Così ora, il Governo di Giorgia Meloni, incarnazione politica dei suddetti ceti imprenditoriali retrivi ed egoisti, si accinge ad abolire il beneficio del Rdc sinora percepibile anche da chi ‘è in grado di lavorare’. (L’abolizione per i soggetti ‘abili’ avverrà, pare, tra alcuni mesi). Un modo surrettizio per affermare che anche le peggiori, inaccettabili offerte di lavoro – di qualunque condizione retributiva, oraria e di sicurezza esse siano – non potranno essere rigettate.

Un madornale errore – ideologico e prospettico – da parte del Governo, dato che il mercato non assicurerà comunque la piena occupazione e moltissimi, specialmente al Sud, resteranno disoccupati involontari. Un bel successo, tuttavia, conseguito soprattutto dalle piccole imprese, specialmente quelle operanti nel settore dei servizi. Queste stesse categorie beneficeranno altresì di un ennesimo condono fiscale e dell’innalzamento della soglia per l’uso del contante. Detto più esplicitamente: un nuovo incentivo all’evasione fiscale, come se ve ne fosse la necessità. I piccoli imprenditori saranno soddisfatti, ma i veri problemi del sistema economico rimarranno irrisolti.
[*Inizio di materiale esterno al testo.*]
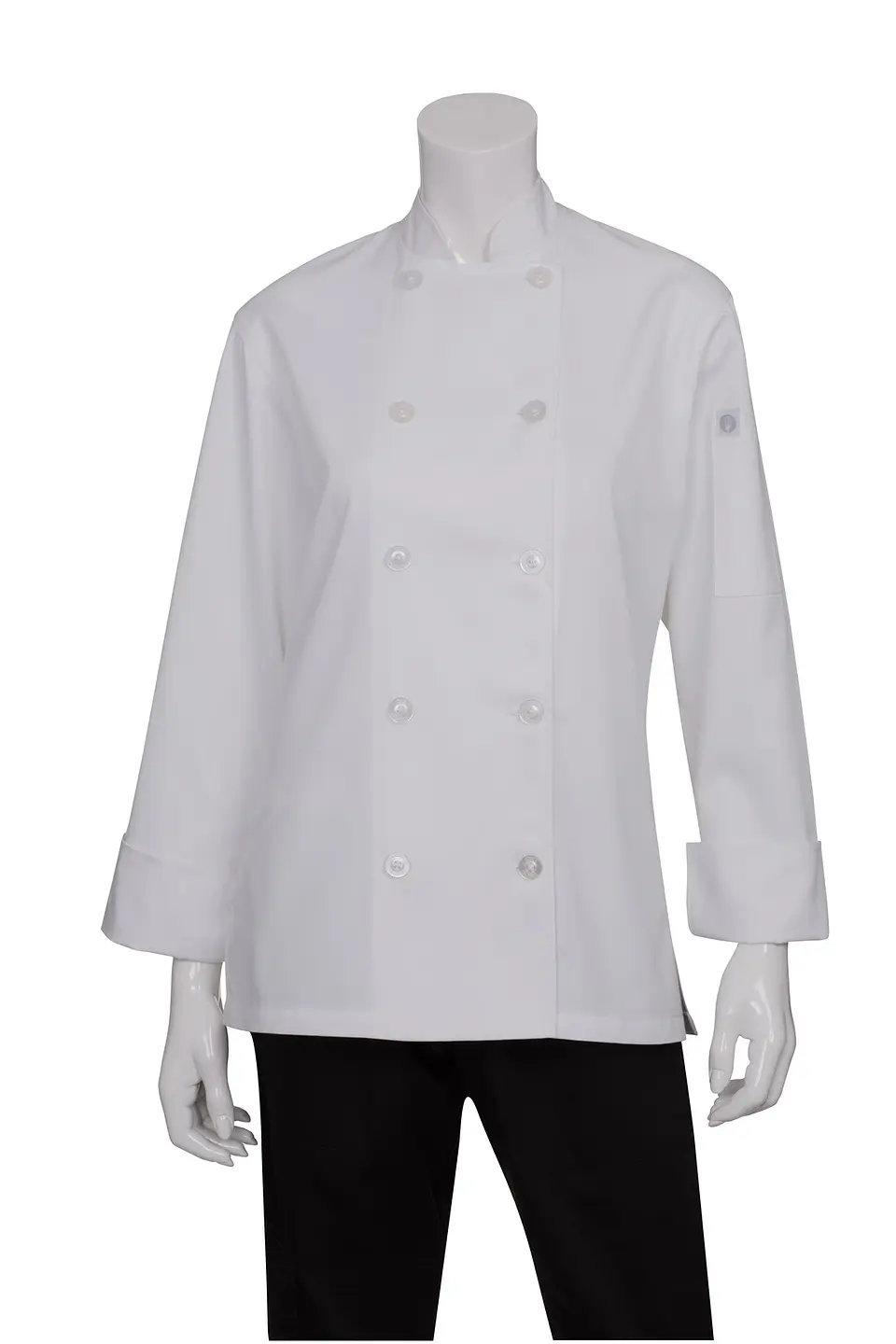 Set Estudiante Chef Works Inacap Mujer 2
Per affrontare questi ultimi, ci vorrebbe un governo lungimirante, intenzionato a contemperare gli interessi dei diversi ceti sociali e a riequilibrarne i rapporti, oggi interamente a detrimento del lavoro dipendente. Ma, in Italia, attendere l’avvento di una classe politica capace di elaborare questa visione fa tornare in mente l’opera teatrale ‘Aspettando Godot’, di Samuel Beckett.